▸ **Data provided**:
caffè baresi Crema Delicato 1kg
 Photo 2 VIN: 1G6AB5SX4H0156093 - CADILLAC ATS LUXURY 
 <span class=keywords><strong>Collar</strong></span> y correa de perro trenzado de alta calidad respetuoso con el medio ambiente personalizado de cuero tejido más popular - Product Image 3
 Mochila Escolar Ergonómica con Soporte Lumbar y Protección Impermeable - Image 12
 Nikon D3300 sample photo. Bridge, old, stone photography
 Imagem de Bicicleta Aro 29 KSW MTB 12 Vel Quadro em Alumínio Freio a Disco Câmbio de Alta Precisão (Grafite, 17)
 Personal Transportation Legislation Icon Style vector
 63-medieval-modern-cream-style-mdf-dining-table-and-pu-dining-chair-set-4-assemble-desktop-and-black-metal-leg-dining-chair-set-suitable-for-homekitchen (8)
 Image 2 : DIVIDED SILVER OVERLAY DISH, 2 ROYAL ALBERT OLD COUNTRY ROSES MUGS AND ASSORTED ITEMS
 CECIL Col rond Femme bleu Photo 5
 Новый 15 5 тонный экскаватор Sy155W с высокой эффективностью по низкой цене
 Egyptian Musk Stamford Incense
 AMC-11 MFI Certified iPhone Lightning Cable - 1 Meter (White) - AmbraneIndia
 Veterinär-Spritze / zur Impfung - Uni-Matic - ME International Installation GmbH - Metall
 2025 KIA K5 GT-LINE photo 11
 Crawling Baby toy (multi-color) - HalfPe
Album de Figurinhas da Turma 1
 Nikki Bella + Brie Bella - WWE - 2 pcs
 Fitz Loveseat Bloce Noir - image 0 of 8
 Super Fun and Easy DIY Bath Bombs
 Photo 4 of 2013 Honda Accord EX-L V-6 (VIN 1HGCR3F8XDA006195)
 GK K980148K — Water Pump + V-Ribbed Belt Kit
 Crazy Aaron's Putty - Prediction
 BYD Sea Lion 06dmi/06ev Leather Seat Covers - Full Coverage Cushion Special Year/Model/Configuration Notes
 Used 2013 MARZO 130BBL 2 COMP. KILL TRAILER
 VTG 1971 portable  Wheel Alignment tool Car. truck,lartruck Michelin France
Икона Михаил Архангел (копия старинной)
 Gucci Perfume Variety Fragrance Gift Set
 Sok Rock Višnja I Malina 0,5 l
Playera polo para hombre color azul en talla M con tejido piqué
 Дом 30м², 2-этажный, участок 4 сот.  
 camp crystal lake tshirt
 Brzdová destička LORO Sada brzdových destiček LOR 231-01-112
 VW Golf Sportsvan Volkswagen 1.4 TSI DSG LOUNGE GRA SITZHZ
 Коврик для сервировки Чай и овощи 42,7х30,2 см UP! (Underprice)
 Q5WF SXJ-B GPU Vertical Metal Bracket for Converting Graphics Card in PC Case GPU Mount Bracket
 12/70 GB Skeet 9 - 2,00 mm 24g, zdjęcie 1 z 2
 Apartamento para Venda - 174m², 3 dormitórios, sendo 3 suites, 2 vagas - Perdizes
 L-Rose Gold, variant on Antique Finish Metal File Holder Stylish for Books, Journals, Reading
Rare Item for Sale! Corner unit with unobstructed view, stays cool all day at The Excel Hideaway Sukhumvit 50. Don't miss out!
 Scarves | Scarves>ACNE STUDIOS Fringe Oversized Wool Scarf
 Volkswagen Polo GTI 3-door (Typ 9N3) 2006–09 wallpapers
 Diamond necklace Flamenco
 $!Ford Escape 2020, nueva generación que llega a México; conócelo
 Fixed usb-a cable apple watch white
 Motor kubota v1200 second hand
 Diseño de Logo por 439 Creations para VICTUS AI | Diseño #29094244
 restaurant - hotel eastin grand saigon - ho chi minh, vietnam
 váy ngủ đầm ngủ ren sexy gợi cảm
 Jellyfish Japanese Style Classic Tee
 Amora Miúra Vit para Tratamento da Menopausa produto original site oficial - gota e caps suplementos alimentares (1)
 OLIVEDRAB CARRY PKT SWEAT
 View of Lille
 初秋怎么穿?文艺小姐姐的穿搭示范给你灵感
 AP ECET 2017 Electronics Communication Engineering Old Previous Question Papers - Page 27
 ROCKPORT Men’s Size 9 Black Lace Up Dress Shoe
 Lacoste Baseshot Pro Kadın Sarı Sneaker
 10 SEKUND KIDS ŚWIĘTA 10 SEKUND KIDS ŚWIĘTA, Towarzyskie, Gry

▸ **Prompt**:
Copy whichever lines in the listing above contain the word "Volkswagen".

▸ **Exercise solution**:
 VW Golf Sportsvan Volkswagen 1.4 TSI DSG LOUNGE GRA SITZHZ
 Volkswagen Polo GTI 3-door (Typ 9N3) 2006–09 wallpapers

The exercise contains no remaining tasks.